**Exercise prompt:**
For the data below, transcribe the part that opens with the line containing "Übergroße Cordjacke für" and closes with the line containing "Nick Dunston Featured", exactly and with no pictures.

──────── Entries supplied ────────

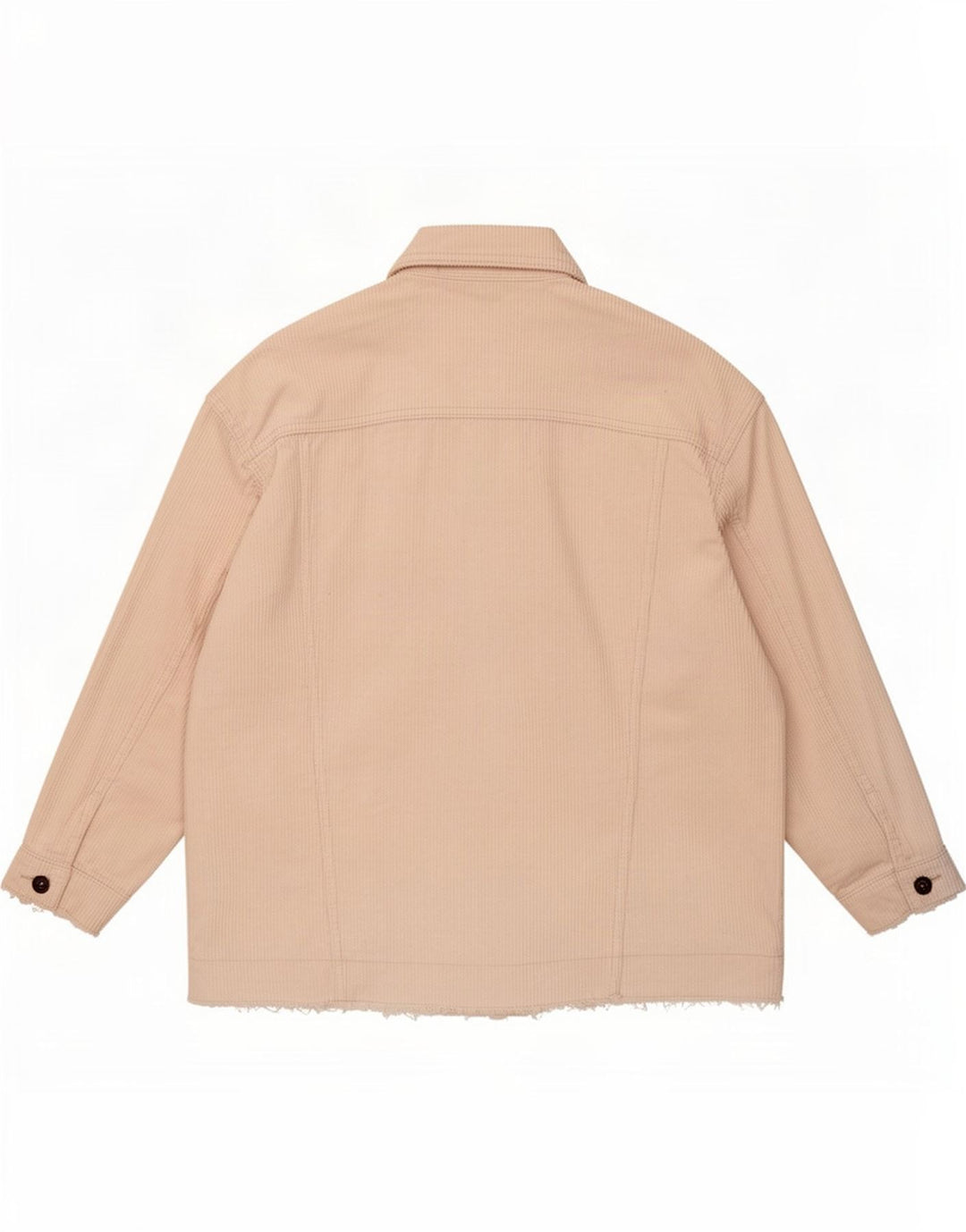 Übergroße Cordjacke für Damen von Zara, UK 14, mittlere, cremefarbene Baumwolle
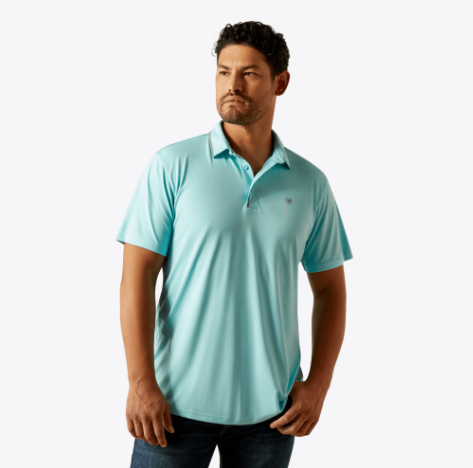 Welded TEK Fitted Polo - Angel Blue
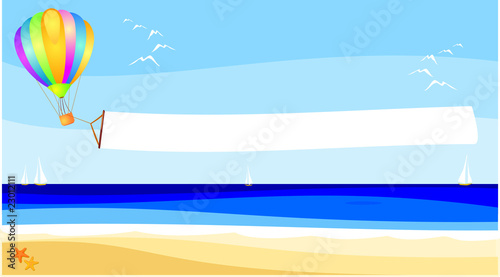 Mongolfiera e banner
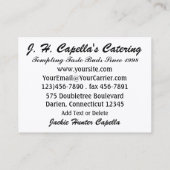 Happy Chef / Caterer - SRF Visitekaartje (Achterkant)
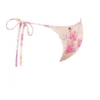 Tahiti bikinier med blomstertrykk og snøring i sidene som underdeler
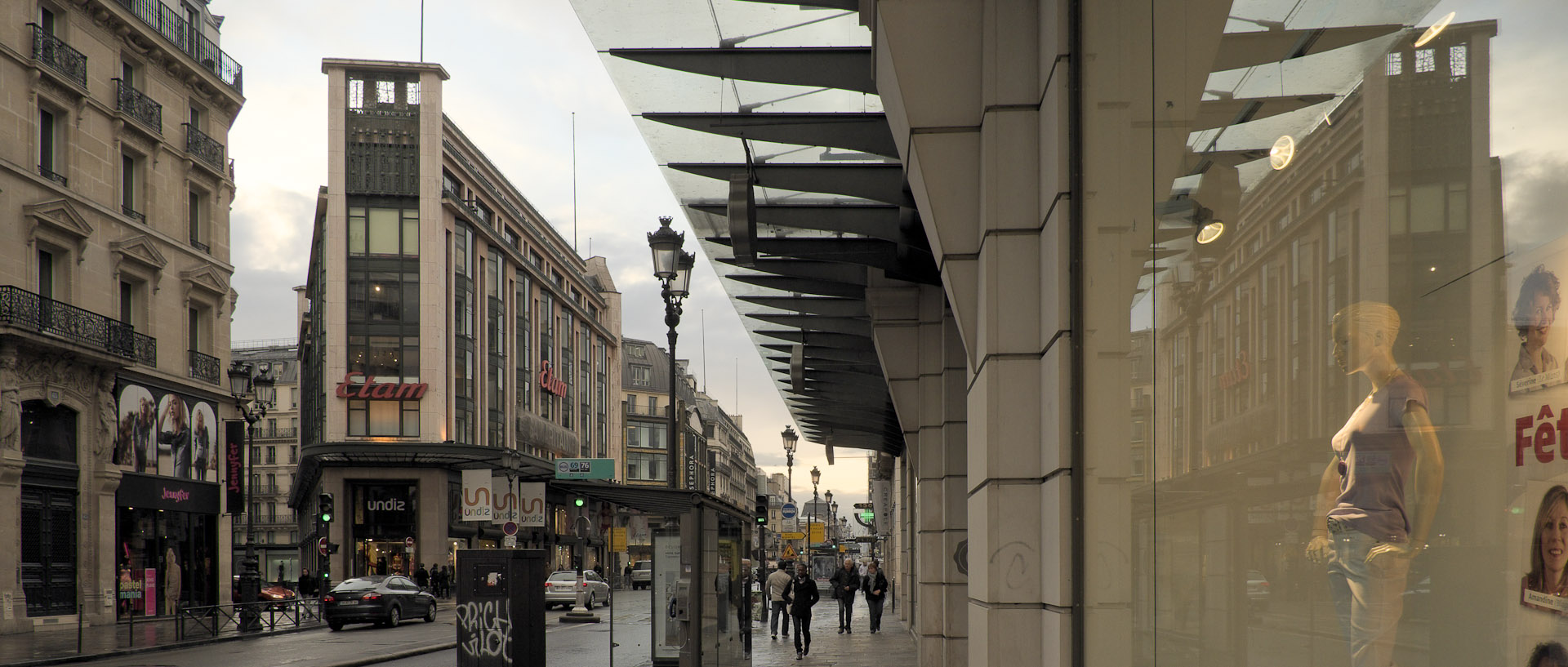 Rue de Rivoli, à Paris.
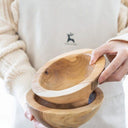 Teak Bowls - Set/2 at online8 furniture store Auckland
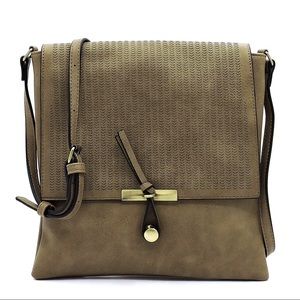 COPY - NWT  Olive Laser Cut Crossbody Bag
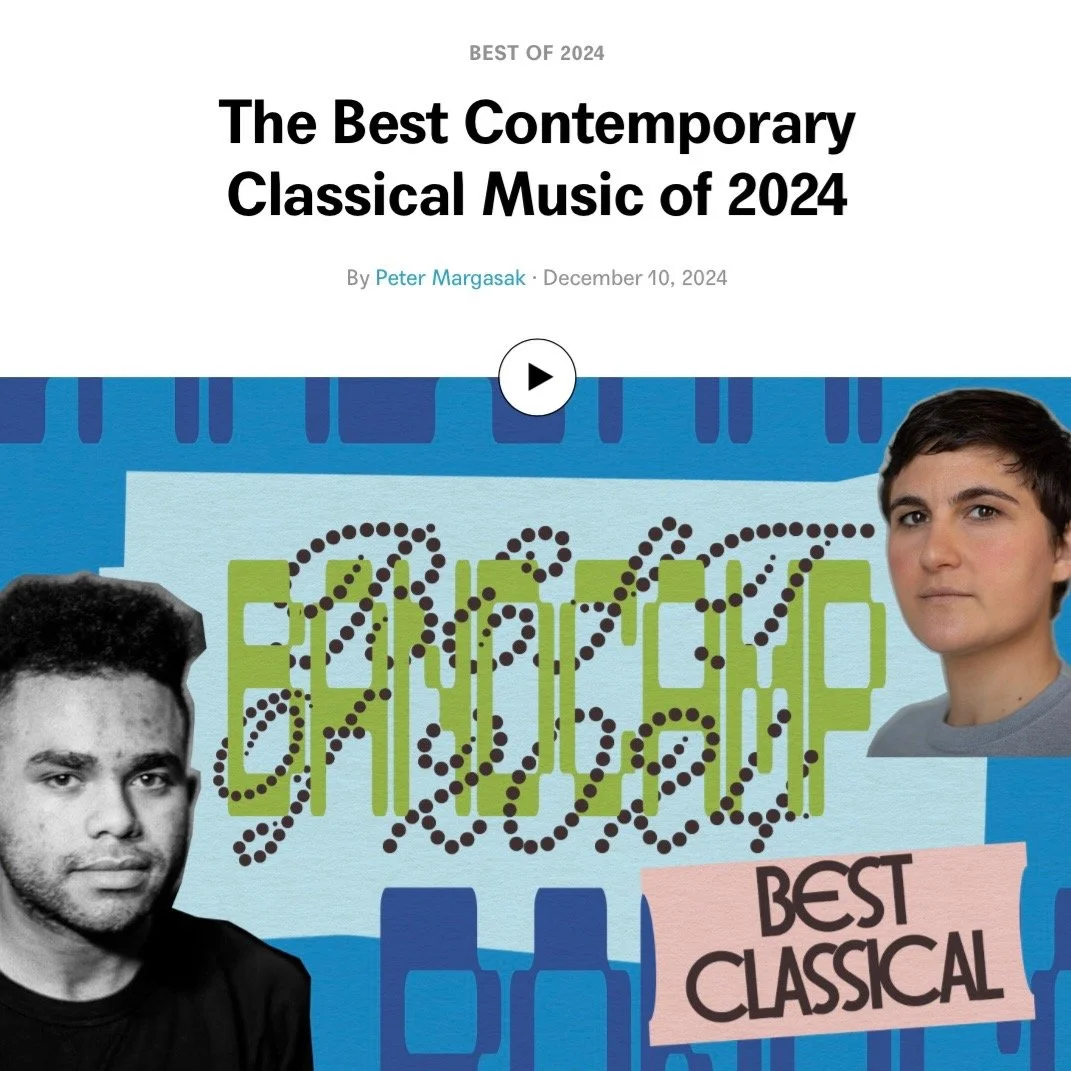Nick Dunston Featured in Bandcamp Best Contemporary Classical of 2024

────────
──────── Entries supplied ────────

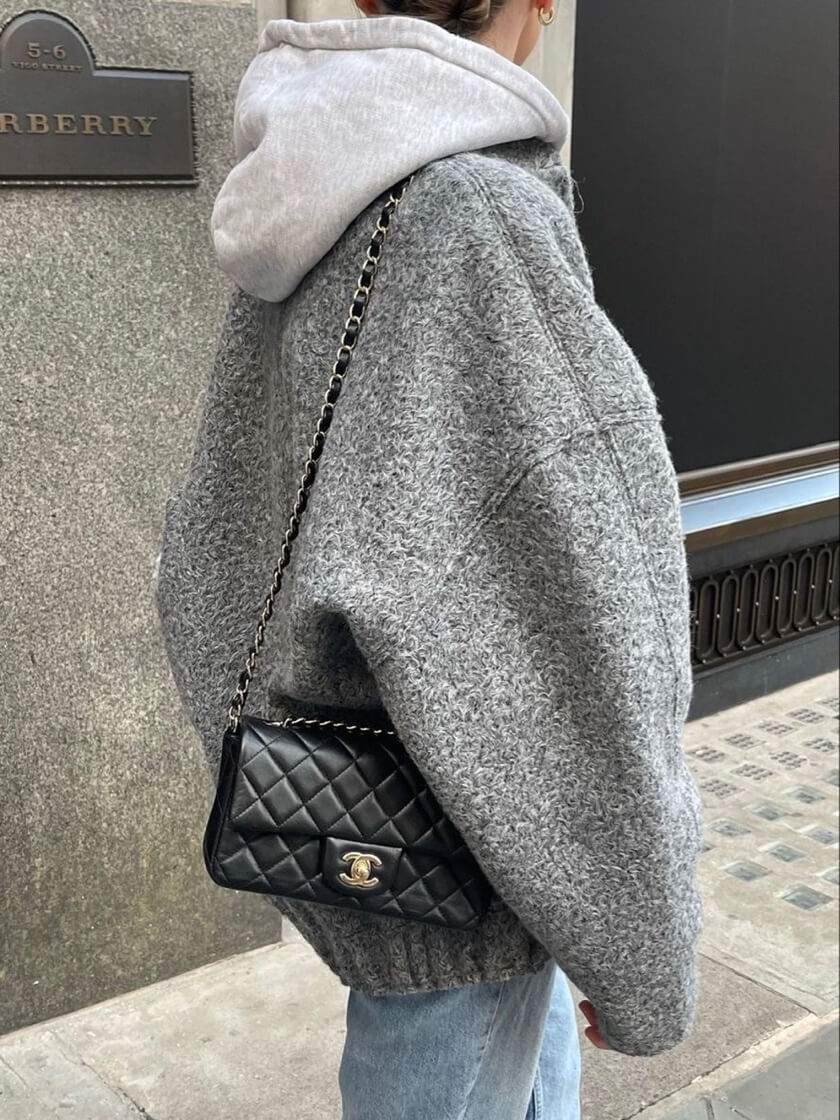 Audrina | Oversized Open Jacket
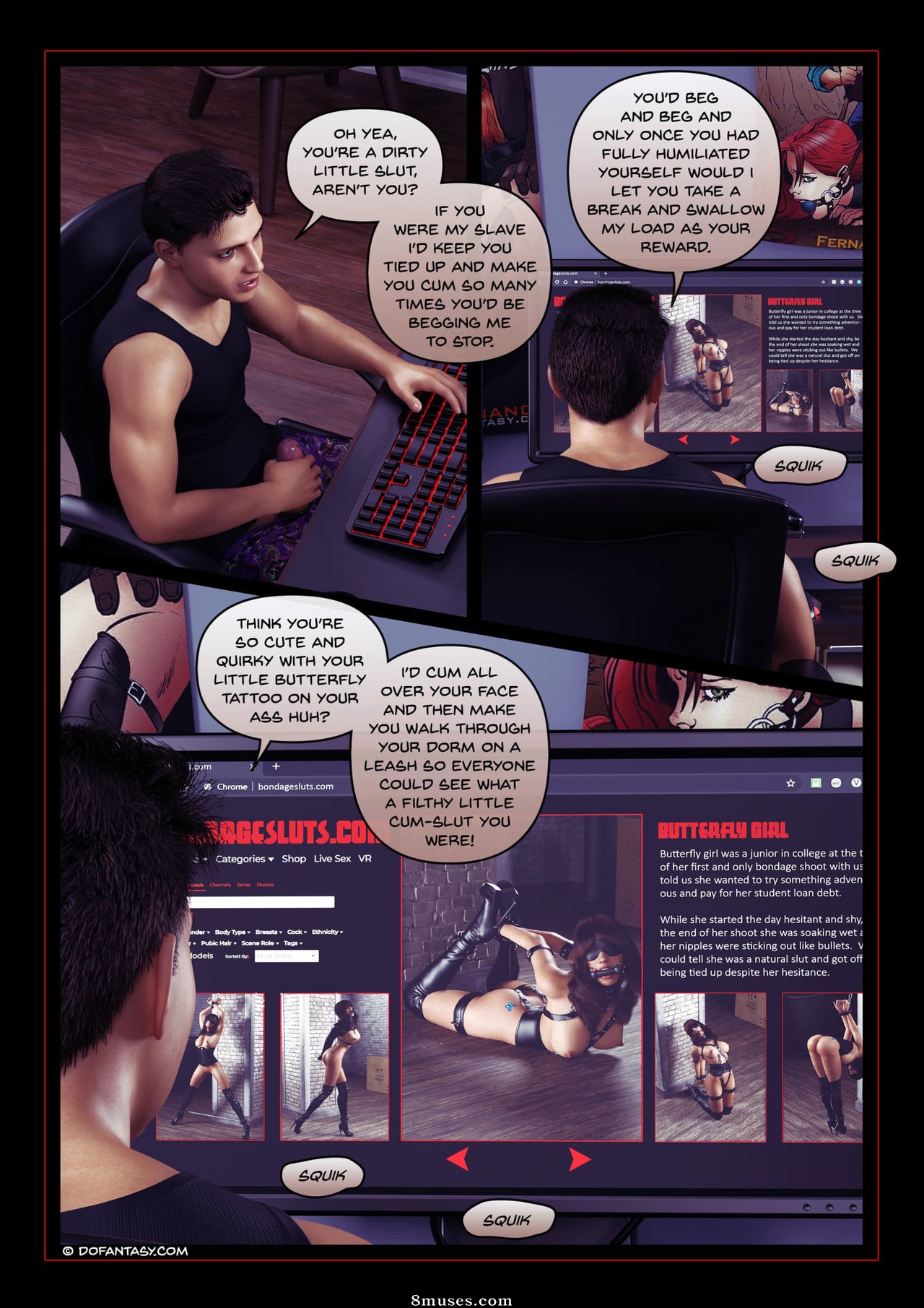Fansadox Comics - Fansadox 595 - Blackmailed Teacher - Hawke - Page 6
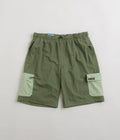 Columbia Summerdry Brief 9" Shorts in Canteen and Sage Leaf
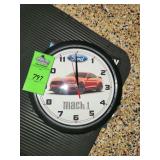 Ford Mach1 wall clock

────────
──────── Entries supplied ────────

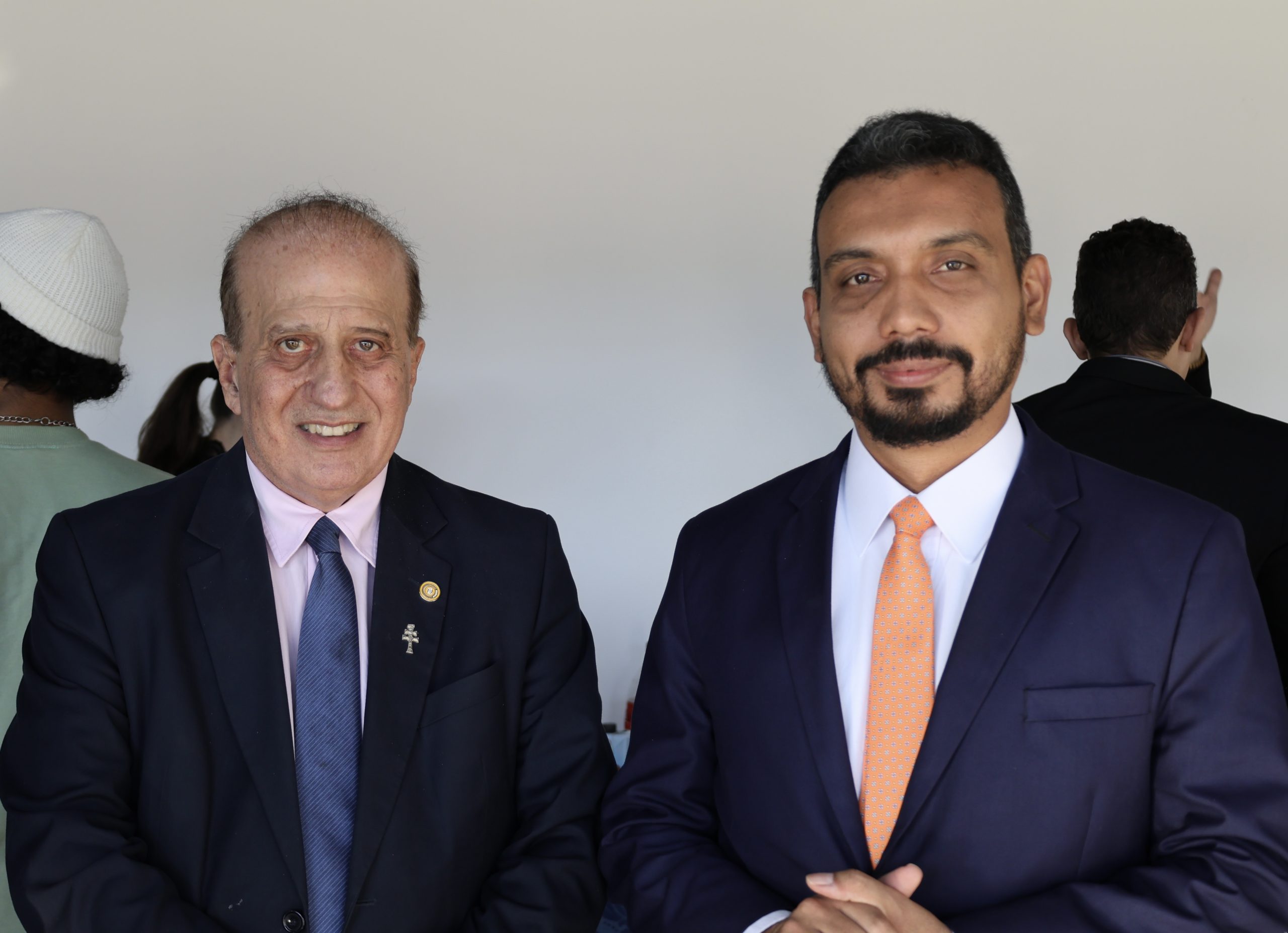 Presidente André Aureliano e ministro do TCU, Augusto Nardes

────────

**Result:**
 Übergroße Cordjacke für Damen von Zara, UK 14, mittlere, cremefarbene Baumwolle
 Welded TEK Fitted Polo - Angel Blue
 Mongolfiera e banner
 Happy Chef / Caterer - SRF Visitekaartje (Achterkant)
 Tahiti bikinier med blomstertrykk og snøring i sidene som underdeler
 Rue de Rivoli, à Paris.
 Teak Bowls - Set/2 at online8 furniture store Auckland
 COPY - NWT  Olive Laser Cut Crossbody Bag
Nick Dunston Featured in Bandcamp Best Contemporary Classical of 2024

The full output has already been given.